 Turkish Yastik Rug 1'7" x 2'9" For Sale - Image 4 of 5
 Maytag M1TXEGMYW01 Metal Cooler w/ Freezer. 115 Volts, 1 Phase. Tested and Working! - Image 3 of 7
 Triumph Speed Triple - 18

§

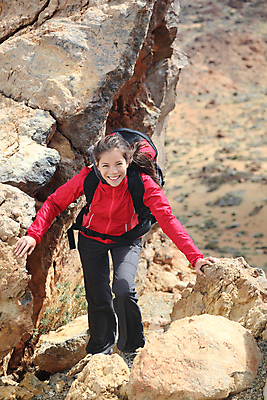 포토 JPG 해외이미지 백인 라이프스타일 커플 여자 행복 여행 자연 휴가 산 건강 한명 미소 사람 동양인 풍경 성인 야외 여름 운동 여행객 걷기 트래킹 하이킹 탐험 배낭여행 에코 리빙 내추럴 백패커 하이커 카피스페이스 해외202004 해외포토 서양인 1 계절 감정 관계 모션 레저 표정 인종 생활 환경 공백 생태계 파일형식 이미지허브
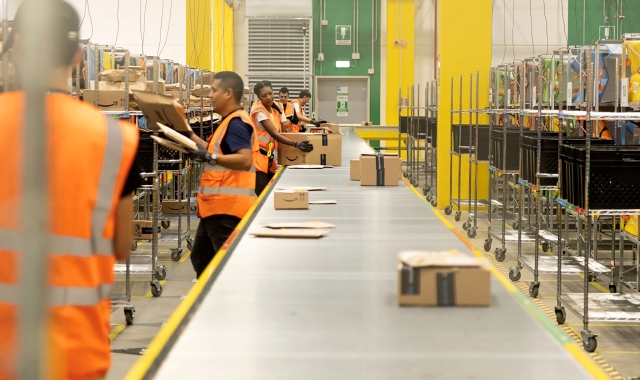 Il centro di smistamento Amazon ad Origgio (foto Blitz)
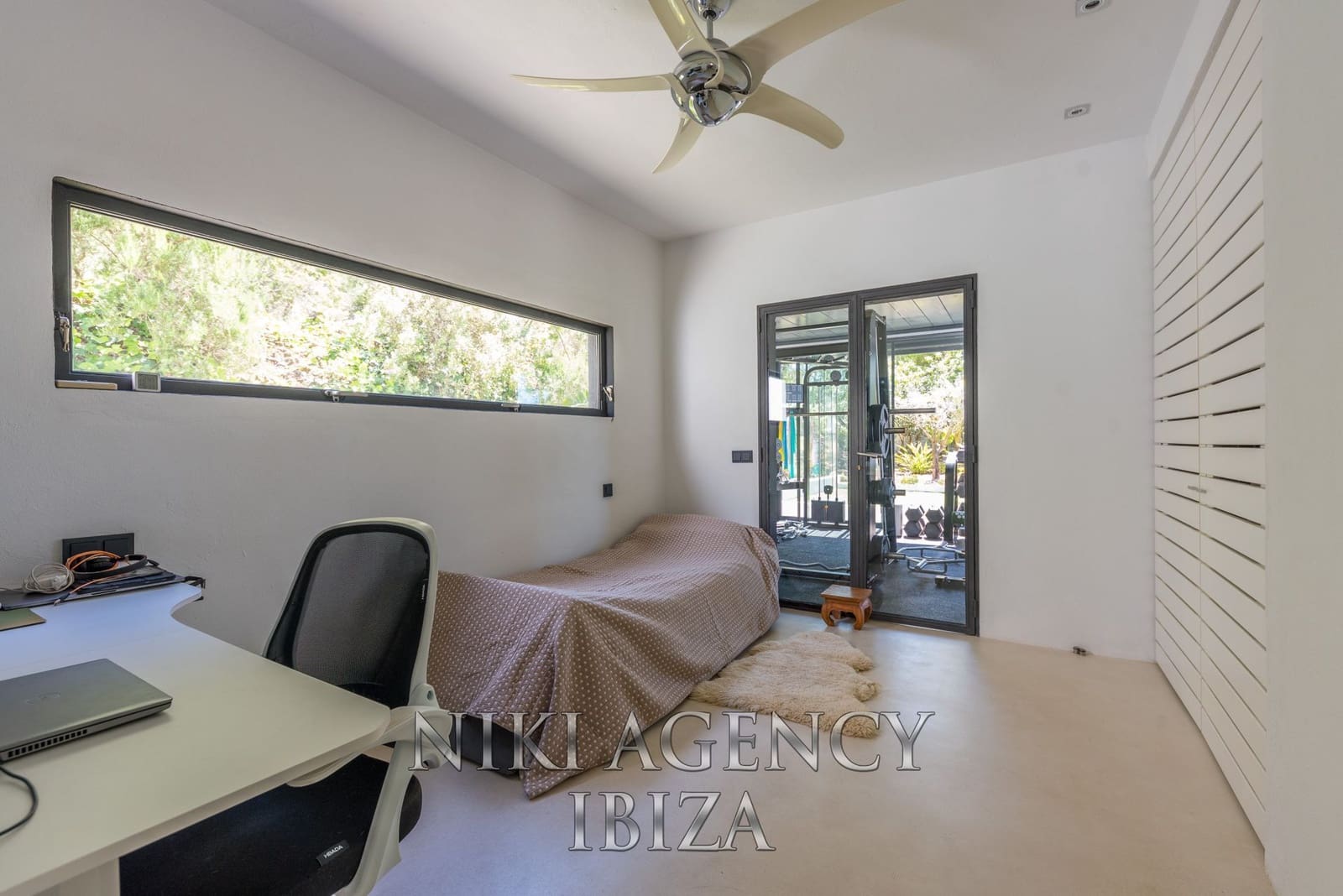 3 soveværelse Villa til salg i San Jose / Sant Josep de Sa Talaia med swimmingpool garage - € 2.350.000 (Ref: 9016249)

§

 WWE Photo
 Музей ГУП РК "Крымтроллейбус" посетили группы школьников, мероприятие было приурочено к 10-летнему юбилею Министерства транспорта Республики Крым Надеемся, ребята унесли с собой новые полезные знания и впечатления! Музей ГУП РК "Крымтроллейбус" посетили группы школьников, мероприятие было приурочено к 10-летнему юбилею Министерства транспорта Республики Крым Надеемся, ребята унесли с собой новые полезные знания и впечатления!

§

With the pictures left out, write out exactly the lines above from the one containing "포토 JPG 해외이미지" through the one containing "3 soveværelse Villa".

 포토 JPG 해외이미지 백인 라이프스타일 커플 여자 행복 여행 자연 휴가 산 건강 한명 미소 사람 동양인 풍경 성인 야외 여름 운동 여행객 걷기 트래킹 하이킹 탐험 배낭여행 에코 리빙 내추럴 백패커 하이커 카피스페이스 해외202004 해외포토 서양인 1 계절 감정 관계 모션 레저 표정 인종 생활 환경 공백 생태계 파일형식 이미지허브
 Il centro di smistamento Amazon ad Origgio (foto Blitz)
 3 soveværelse Villa til salg i San Jose / Sant Josep de Sa Talaia med swimmingpool garage - € 2.350.000 (Ref: 9016249)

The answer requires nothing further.